Summer of Code Student Application Deadline Looms 33
chrisd writes "Hi everyone, just wanted to do one last shake of the old tree...the Summer of Code student application deadline is coming up on the 26th. We've got some great applications but I'd love to see more. We're accepting 800 students this year into the program and we have 131 open source organizations who'd love to see you apply. Anyone can talk about open source but you could be coding some with some of the best developmers out there. Apply today." Just a note: the 26th is an extension of the previous deadline. If you thought you wouldn't have time, you now have until next Monday. Get crackin'.
Where is the bleeding edge? (Score:1, Insightful)
I think that where we really need fresh ideas is in the field that has been in the experimental phase ever since computers were invented: artificial intelligence. It would be great to see Google's massive hardware resources applied to creating (or trying to create) stuff like an artificial consciousness.
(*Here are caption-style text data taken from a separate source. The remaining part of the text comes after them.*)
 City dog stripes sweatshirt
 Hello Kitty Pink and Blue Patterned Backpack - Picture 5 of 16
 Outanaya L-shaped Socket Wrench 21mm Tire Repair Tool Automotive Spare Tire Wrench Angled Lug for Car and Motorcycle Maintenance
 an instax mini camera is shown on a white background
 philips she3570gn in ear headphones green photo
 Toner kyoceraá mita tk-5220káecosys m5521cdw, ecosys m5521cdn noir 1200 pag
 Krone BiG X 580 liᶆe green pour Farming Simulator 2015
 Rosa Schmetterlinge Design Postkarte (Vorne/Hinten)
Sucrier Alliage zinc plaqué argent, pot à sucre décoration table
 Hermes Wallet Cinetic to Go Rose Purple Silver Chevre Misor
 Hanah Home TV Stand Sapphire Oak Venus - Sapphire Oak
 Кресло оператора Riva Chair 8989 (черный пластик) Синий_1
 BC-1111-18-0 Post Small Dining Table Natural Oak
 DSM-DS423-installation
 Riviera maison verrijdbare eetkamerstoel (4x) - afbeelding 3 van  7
Let the old guys do the incremental improvements, young programmers should spend one summer doing things no one has ever tried, or at least things they never heard about.
Re:Where is the bleeding edge? (Score:4, Insightful)
Something open-ended and nebulous like artificial consciousness is better suited for... postgrad work. Which students are also very welcome to apply for. As soon as they graduate
Re:No Mythtv this year.... (Score:5, Insightful)
The problem with SoC is that the participants are like (inexperienced) contractors to the project. All other devs on the projects are (usually) non-paid spare-time developer.
This means that the SoC students have to be treated differently, which some mentors didn't expect. Since they're inexperienced, they usually plan far more than they could ever achieve in the time frame, but some projects picked those first since they sounded best. They expected the students to complete their work after deadline, so they gave them a positive review, even though nothing was finished. Of course, nothing happend, since students are used to dropping everything after a course is done.
For example, take a look at the Haiku project's SoC ideas [haiku-os.org]. They didn't participate last year, so they haven't learnt that lesson yet. Most of these projects are like a large master's thesis, some even more! That's ridiculous, there's no way any SoC student would be able to do that in the given time frame.
When students try to work on a project that's far above their head, you can expect that they constantly talk to their mentors about how to do it.